Rui Machete não está a facilitar a vida de Passos Coelho. Mais um elo frágil na máquina governativa

O ministro dos Negócios Estrangeiros andava discreto há muito tempo. É de estranhar, no caso de Rui Machete, mas o silêncio do governante era um sinal promissor. Afinal, e ao contrário do que sucede com o frenesim habitual dos outros ministros, o mínimo que se espera de um chefe da diplomacia é que exerça o seu cargo com muita prudência, bom senso e uma dose q.b. de recato. Por vezes – demasiadas vezes – Machete esquece-se destes princípios elementares e ei-lo nas bocas do mundo. Como está agora, depois das declarações feitas numa entrevista à Rádio Renascença sobre os jihadistas portugueses, em que revela a vontade de alguns desses jovens regressarem ao nosso país. Como é evidente, trata-se de informações sensíveis que podem ter consequências graves e imprevisíveis e, por isso, não admira que um coro de vozes se tenha levantado de imediato com apreciações pouco abonatórias da qualidade política do ministro. Tanto mais quanto não são de agora as polémicas em que o ministro se envolve, todas da sua directa responsabilidade e todas devido a imprudências de discurso. Às vezes, parece que Rui Machete fica  tão inebriado com as suas próprias palavras que se esquece das importantes funções que exerce enquanto representante de Portugal. O que é difícil esquecer é o dia em que, da longínqua Índia, o titular dos Negócios Estrangeiros resolveu proclamar que o país teria de sofrer um segundo resgate caso as taxas de juro a 10 anos não estivessem abaixo dos 4,5%. Faltavam sete meses para terminar o programa de ajustamento e o Governo geria com pinças a relação com a troika, enquanto secretamente congeminava a “saída limpa” do resgate. Muito poucas declarações seriam tão inoportunas quanto esta, tendo em conta o que estava em causa.
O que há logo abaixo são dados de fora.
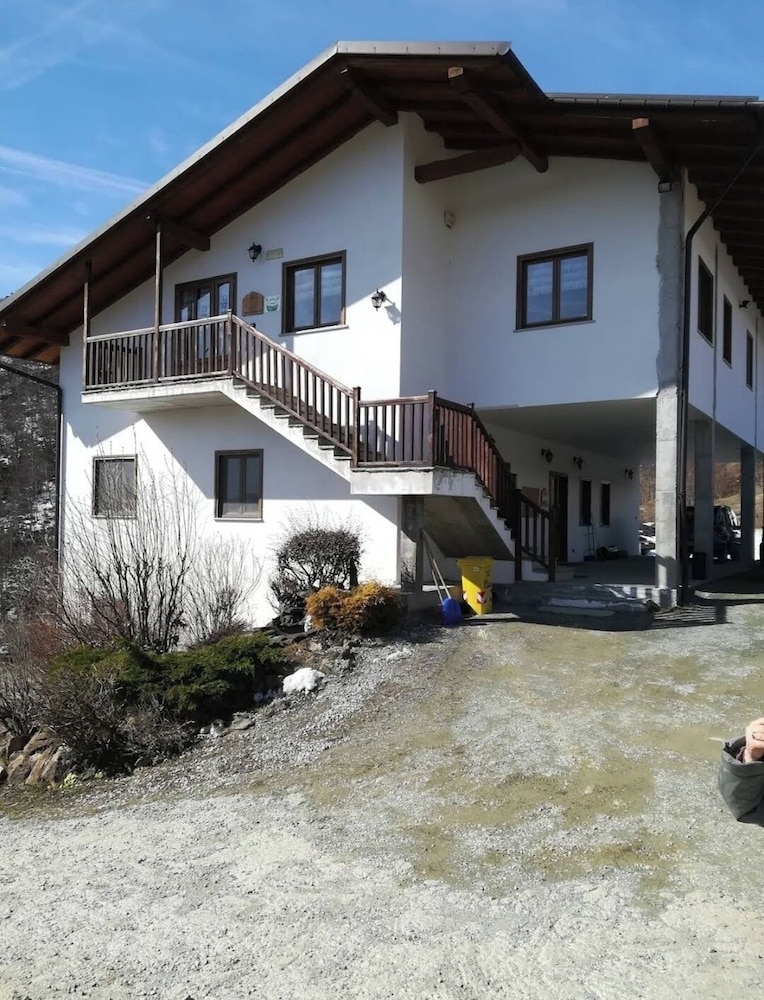 Frazione Tornetti - carbon neutral hotel in Viu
E a polémica à volta de Angola? Vale a pena recordar. Apenas três meses depois da posse, Machete deu uma entrevista à Rádio Nacional daquele país em que resolveu pedir desculpas pelas investigações que o Ministério Público português tinha em curso sobre as actividades de alguns empresários angolanos. Como se já não bastasse o golpe sobre o princípio constitucional da separação de poderes, o ministro pôs-se a jeito para fortalecer todos os que, do outro lado do Atlântico, pretendem manter sem escrutínio a sua actividade empresarial. Consequências: ameaças e adiamento, até hoje, de uma cimeira bilateral sob a égide dos chefes de Estado dos dois países. Isto para não se falar da própria tomada de posse do ministro, acusado de ter mentido à comissão de inquérito sobre o BPN, que o queria ouvir sobre as suas ligações à instituição. Machete negou qualquer cargo ou relação, mas posteriormente acabaria por revelar ao PÚBLICO ter sido cliente, accionista e até figura de proa do Conselho Superior da SLN/BPN.

Enfim, Rui Machete, um senador que já foi praticamente tudo neste país, fragilizou o Governo. Mais uma vez. Tudo o que Passos Coelho não precisa.